■ SUPPLIED DATA ■
- - - - - - -

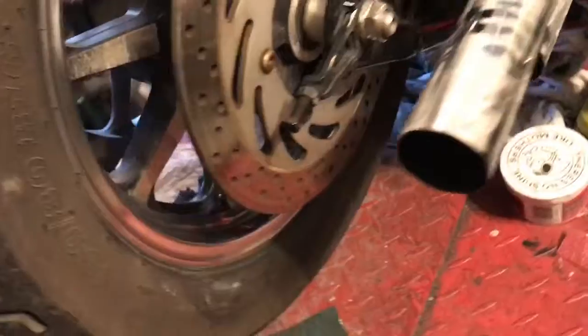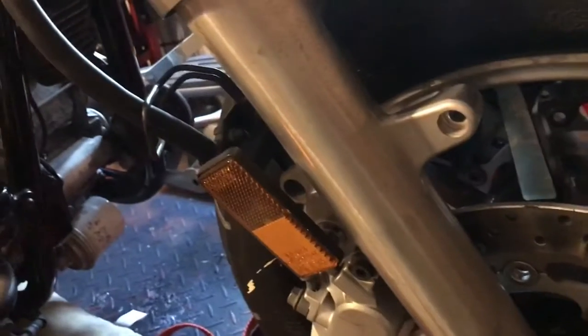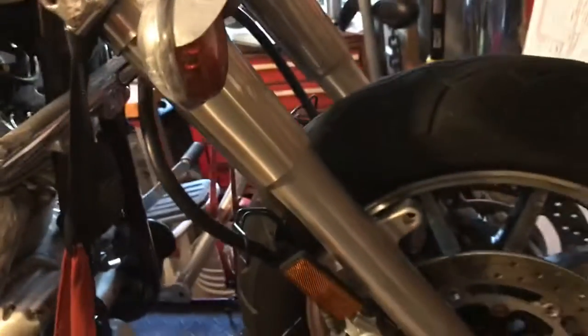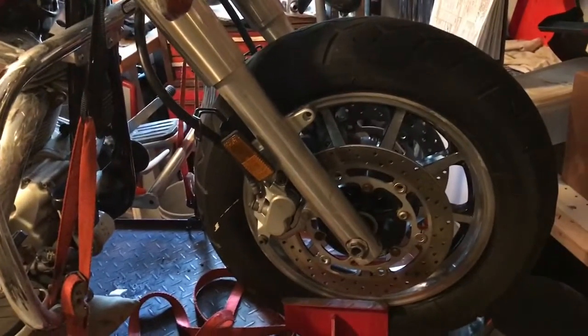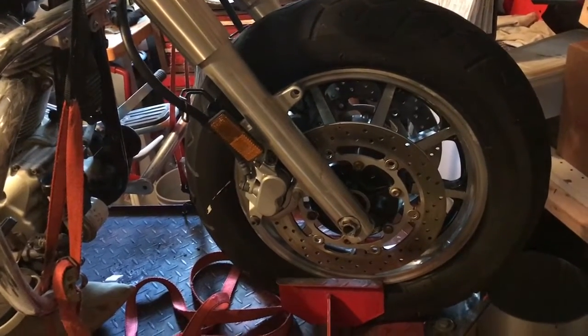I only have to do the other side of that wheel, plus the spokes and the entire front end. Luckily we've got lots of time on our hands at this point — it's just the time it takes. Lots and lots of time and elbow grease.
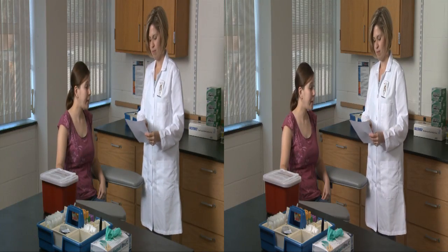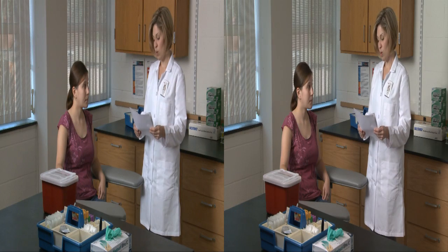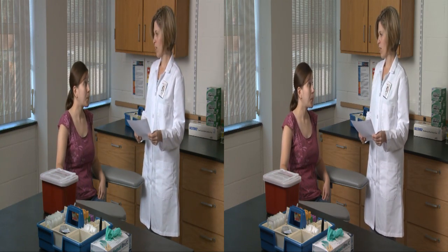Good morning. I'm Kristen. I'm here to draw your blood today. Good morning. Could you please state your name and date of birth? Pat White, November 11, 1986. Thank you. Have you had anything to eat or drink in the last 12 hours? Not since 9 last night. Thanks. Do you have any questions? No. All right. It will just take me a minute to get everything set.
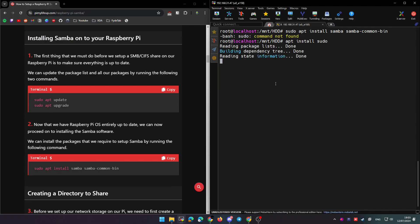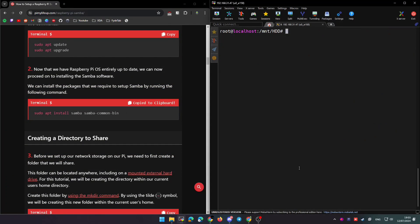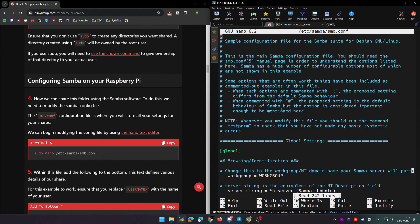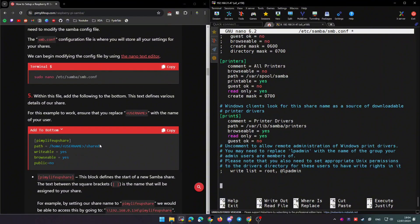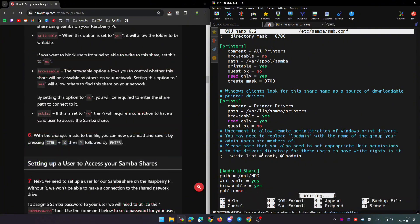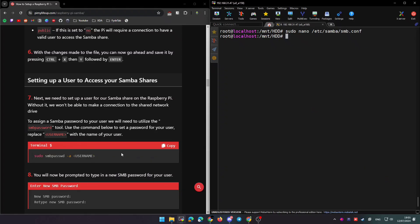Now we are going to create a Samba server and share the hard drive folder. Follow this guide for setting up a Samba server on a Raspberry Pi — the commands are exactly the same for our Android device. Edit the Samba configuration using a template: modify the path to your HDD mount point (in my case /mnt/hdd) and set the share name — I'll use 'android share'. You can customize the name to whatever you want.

- - - - - - -

■ YOUR OBJECTIVE ■
Return the lines exactly, from the one containing "Good morning. I'm" through the last line above, including both ends and excluding every picture.

■ ANSWER SECTION ■
Good morning. I'm Kristen. I'm here to draw your blood today. Good morning. Could you please state your name and date of birth? Pat White, November 11, 1986. Thank you. Have you had anything to eat or drink in the last 12 hours? Not since 9 last night. Thanks. Do you have any questions? No. All right. It will just take me a minute to get everything set.
Now we are going to create a Samba server and share the hard drive folder. Follow this guide for setting up a Samba server on a Raspberry Pi — the commands are exactly the same for our Android device. Edit the Samba configuration using a template: modify the path to your HDD mount point (in my case /mnt/hdd) and set the share name — I'll use 'android share'. You can customize the name to whatever you want.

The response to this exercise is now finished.